NINJA

Accelerated engagement to deploy NINJA for Neighbor-Joining trees with large data sets.
The contact for this project is Travis Wheeler

NINJA

  • Reference...
  • Web site...
  • Implementation of Neighbor-Joining algorithm.
  • Written in Java, no major external dependencies.
  • Can do a 220K species tree in six days on one CPU, 2Gbytes RAM
  • Test case was 16s rRNA gene sequence data set, the same one as FASTTREE
  • NINJA offers the full Neighbor Joining method but is optimized for large data sets.
    • Employs filtering steps to minimize the number of pair-wise comparisons required for each iteration.
    • Relies on file I/O for externalization (ie query-optimized serialization) of data structures to free up RAM.
  • Uses external application (FASTTREE) to pre-process sequence data into a distance matrix. The file I/O involved is non-trivial.

Requirements

  • Completion of the software by adding sequence pre-processing (distance matrix calculation)
  • Benchmarking/testing on large data sets
  • What is really wanted is to port the algorithm to C or C++ and make parallelizable

Notes

  • Travis thinks the code is written in such a way that it could be easily ported to C. There are no serious external dependencies.
  • Is reliance on disk I/O to free up memory is a potential problem for large-scale parallel computing?
    • (edit from Travis: I don't believe this will be an impediment to parallelization, as the data structures are well suited to being handled in a distributed fashion.
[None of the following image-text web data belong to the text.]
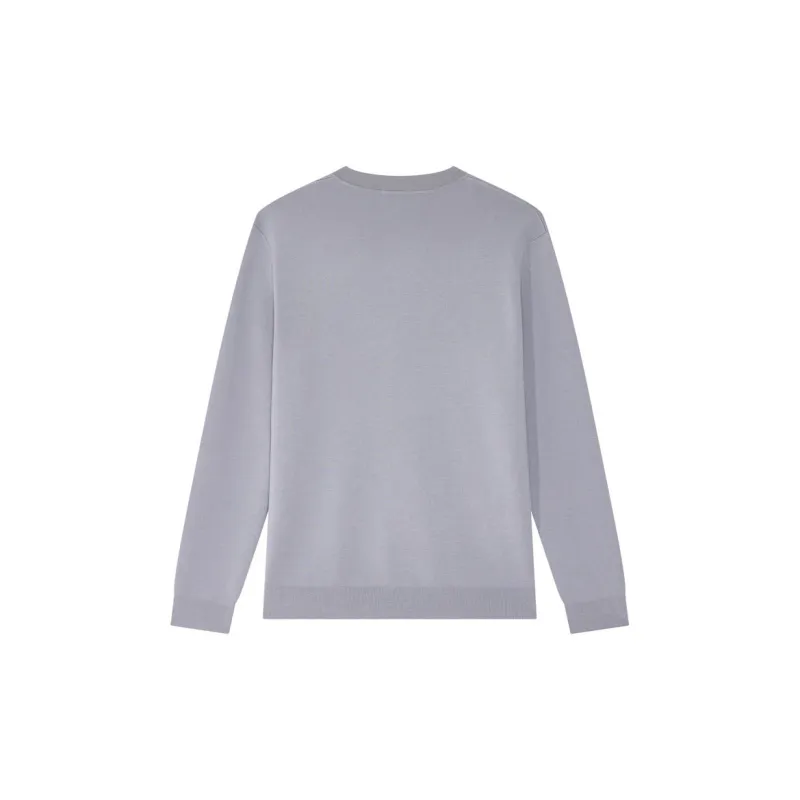 ANDREW MACKENZIE Knitwear Men's Gray-1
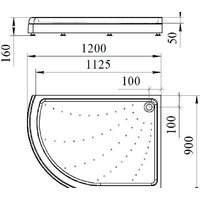 Radomir 120x90 1-11-0-1-0-010 Image #2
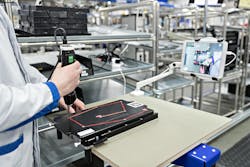 Nokia Employs 5G In Its Own Factory Nokia Employs 5G In Its Own Factory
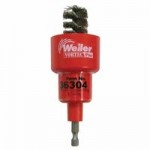 Weiler 36304 Vortec Pro Turbo Tube Brushes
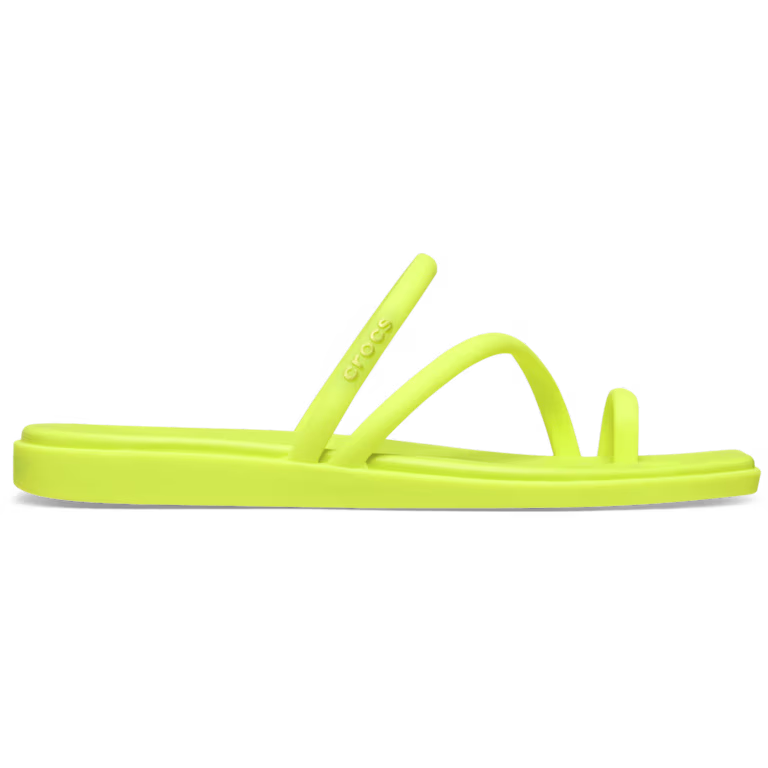 Crocs Miami Toe Loop Sandal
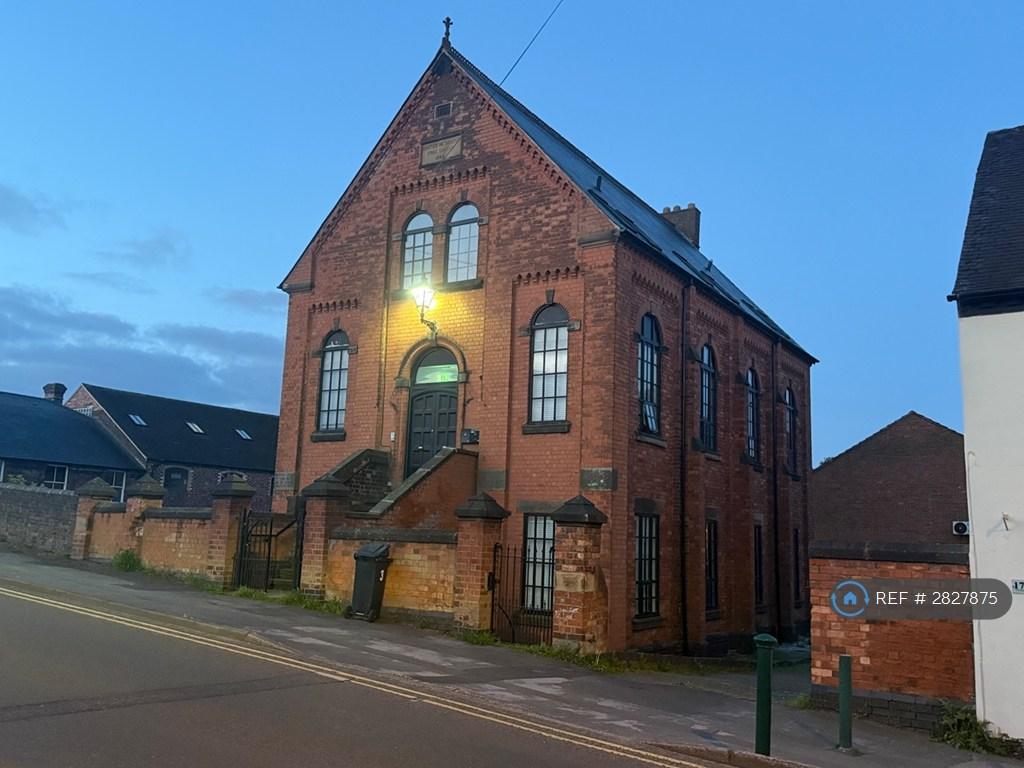 The Old Chapel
The core difficulty will be in setting those structures up in the first place ... which I think won't be terribly challenging)
  • Calculation of pair-wise distance matrix could be parallelized without too much pain, perl wrapper (for example) for matrix assembly would be the most challenging part, but not that hard.
    • (edit from Travis: I'd propose that distance computation should be done internal to NINJA, to avoid the I/O overhead of writing the distance matrix out to disk, then reading it back in for tree construction. To give a sense of scale, for 200,000 sequences, that distance matrix stored in an ascii file will require a file larger than 200GB)
  • Travis Wheeler is available to convey domain knowledge and design input but does not have time to be directly involved in coding
    • (edit from Travis:  I'm able to do some coding, just not most of it)
  • Cubic growth in run-time predicts a doubling of the data set (to 440K) would require approx ~~40 days on one CPU
    • That would be challenging for parameter tweaking
  • No explicit policy for missing data
  • Would be best to use the same sequence data as RaXML.

Draft plan

Phase 1

1) port NINJA from Java to C/C++

Phase 2

scale-up and parallelization

note: Travis has posted a page with ideas/suggestions for the details of parallelization.